We asked South Africans to share their “crazy ways to save” and we got some great ideas!
Nonhlanhla has a debit order into a 32-day notice account where she saves for things she needs like furniture or renovations. She doesn’t touch the money for six months at a time. With such easy access to credit, many of us have forgotten what it is like to save for something rather than use our credit cards. By having a debit order in place, Nonhlanhla also makes sure her savings are prioritised before spending.
Kgomotso uses the Stash App to save into a tax-free savings account. We have featured this great investment tool on Money Matters. Stash is an app available to anyone which can be download through Google Play or the App Store. You link your credit or debit card to the app and every time you spend on the card, you can select to have R5, R10 or even R50 immediately transferred to a zero-fee, tax-free savings account. The account is invested in a fund that tracks the performance of the 100 largest companies in South Africa. This is a great way to turn spending into saving.
Shirin uses a piggybank to save all her silver coins. This is one of those really simple but effective savings strategies.

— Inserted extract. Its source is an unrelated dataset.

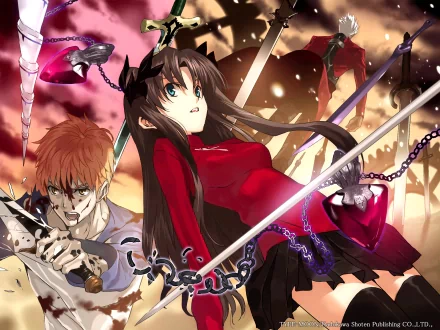HD desktop wallpaper featuring Shirou Emiya, Rin Tohsaka, and Archer from the anime Fate/Stay Night in an action-packed scene with vibrant colors and dynamic poses.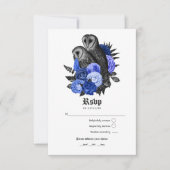  koninklijk blauw - Gothic Wedding RSVP Kaartje (Voorkant)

Did you know that if you fill a 2L coke bottle with R2 coins it adds up to R3 000! If you stick to R5 coins, you could have R5 000 saved.
Joy uses loyalty rewards to invest in unit trusts. Usually we use our loyalty rewards for spending, but it can create the perfect opportunity to start investing. Find out if any of your reward programmes offer investment options.
Amanda committed herself to the 52-week savings challenge. In this challenge you start by saving R10 a week and each week you increase it by another R10. For example, in week one, you save R10, week two R20 –by week 20 you would be saving R200 a week. It gets tougher as the numbers climb, but it is a great way to gradually start saving.
Nosi saves 35% of her income which she divides into various buckets. She puts money into a retirement annuity, belongs to one stokvel that pays out January school fees and another that pays out in turns during the year. She also has a dedicated savings account for her car deposit and keeps her change in a piggybank. What is great about this approach is that Nosi is saving for specific needs – so each rand has a goal.
Finally, many of our respondents said they bought grocery vouchers each month to save for the festive season or kept their loyalty rewards for December.
Find those savings tricks that work for you.